Every line in the records below that holds the word "Cotton" is to be copied.

***** Supplied material *****

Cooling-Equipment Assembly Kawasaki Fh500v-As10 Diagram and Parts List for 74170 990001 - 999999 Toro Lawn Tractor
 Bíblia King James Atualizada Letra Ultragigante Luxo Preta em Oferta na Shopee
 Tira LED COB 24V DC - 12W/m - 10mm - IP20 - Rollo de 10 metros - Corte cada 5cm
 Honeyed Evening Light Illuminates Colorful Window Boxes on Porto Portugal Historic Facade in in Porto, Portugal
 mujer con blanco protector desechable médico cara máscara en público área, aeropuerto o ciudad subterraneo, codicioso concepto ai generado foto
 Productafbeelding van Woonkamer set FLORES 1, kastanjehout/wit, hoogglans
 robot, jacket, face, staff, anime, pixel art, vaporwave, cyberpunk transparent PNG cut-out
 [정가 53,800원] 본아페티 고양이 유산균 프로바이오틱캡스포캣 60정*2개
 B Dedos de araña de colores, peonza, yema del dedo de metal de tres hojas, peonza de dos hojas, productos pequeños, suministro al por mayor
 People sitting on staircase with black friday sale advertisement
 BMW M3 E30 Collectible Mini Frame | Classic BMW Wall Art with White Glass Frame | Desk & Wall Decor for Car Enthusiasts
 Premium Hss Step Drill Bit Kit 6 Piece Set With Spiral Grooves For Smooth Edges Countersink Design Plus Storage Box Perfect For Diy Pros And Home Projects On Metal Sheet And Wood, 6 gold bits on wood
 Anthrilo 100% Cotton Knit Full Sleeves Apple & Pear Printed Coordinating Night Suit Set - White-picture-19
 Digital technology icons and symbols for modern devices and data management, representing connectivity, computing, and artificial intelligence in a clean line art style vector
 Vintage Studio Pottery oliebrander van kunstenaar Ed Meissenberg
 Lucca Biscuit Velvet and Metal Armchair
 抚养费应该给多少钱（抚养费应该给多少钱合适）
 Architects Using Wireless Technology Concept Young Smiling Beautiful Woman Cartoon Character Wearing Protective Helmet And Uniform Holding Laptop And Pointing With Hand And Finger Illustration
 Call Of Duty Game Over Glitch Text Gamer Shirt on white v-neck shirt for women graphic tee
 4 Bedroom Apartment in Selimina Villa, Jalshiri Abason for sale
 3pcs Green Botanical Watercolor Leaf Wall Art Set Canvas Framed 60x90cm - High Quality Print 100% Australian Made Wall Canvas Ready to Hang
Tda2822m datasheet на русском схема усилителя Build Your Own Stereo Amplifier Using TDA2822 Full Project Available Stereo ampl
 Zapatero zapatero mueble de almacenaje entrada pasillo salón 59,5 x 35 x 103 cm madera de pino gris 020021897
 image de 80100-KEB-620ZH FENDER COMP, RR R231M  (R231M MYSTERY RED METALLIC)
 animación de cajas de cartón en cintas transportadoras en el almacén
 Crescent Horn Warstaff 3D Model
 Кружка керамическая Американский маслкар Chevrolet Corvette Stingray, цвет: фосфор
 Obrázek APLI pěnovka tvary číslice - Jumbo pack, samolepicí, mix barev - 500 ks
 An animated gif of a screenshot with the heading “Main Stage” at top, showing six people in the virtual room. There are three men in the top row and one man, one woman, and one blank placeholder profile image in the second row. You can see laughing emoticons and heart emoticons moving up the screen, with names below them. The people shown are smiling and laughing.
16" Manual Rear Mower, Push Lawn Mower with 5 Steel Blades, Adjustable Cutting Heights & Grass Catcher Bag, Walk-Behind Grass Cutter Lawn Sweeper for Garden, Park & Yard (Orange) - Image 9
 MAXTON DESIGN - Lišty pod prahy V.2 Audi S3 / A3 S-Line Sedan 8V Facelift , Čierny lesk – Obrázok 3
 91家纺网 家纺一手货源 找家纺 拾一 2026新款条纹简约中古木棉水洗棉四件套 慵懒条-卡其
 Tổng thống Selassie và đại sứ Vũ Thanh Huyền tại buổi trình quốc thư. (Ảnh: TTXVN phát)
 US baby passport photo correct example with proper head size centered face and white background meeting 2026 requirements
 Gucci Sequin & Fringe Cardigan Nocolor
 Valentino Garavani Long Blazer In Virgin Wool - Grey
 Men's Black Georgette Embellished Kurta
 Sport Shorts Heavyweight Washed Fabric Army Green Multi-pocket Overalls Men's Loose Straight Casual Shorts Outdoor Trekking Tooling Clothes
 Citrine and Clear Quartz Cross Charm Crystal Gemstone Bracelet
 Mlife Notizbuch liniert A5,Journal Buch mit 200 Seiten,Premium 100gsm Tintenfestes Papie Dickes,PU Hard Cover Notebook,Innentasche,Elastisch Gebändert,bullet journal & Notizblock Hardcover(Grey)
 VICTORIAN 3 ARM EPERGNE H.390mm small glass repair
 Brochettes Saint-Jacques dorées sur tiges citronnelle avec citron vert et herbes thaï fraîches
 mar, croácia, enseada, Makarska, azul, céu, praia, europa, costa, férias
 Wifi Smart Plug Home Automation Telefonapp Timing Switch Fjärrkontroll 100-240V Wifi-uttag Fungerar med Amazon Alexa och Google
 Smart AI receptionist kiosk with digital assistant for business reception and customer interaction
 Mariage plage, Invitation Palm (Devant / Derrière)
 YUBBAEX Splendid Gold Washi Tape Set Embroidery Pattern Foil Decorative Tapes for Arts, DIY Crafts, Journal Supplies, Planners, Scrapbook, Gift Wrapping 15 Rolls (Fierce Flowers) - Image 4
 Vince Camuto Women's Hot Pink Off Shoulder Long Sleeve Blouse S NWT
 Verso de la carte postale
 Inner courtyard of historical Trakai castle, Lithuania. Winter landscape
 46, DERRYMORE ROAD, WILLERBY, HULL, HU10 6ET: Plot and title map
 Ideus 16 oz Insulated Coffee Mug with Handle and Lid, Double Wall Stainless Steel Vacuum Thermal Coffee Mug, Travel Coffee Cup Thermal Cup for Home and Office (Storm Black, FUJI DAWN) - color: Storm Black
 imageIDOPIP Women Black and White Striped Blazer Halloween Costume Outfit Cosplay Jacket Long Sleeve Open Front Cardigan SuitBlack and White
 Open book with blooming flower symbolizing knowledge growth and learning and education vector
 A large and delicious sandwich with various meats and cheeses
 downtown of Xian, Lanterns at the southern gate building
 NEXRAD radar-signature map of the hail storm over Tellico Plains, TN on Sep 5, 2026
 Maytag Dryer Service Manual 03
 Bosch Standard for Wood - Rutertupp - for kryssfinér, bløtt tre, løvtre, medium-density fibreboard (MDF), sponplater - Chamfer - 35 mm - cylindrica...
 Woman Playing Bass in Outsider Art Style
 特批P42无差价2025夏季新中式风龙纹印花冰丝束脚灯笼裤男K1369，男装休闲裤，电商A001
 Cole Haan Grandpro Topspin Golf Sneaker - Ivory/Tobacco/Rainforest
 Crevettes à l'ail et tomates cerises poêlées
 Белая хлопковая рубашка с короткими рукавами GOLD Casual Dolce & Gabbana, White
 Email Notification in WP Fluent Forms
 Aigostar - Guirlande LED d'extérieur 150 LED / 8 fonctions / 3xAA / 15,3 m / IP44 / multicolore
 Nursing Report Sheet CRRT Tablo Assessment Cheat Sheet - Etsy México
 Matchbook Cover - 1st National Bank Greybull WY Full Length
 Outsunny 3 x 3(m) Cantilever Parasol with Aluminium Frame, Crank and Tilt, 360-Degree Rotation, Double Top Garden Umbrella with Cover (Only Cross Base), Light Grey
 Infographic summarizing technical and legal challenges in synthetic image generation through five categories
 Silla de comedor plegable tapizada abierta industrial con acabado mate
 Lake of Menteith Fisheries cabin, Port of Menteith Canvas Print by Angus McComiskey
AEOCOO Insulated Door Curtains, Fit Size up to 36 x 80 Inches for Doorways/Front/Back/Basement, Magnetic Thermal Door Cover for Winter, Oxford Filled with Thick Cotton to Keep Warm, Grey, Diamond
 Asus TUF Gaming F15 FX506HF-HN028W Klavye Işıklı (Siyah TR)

*****

Solution for this exercise:
 Anthrilo 100% Cotton Knit Full Sleeves Apple & Pear Printed Coordinating Night Suit Set - White-picture-19
AEOCOO Insulated Door Curtains, Fit Size up to 36 x 80 Inches for Doorways/Front/Back/Basement, Magnetic Thermal Door Cover for Winter, Oxford Filled with Thick Cotton to Keep Warm, Grey, Diamond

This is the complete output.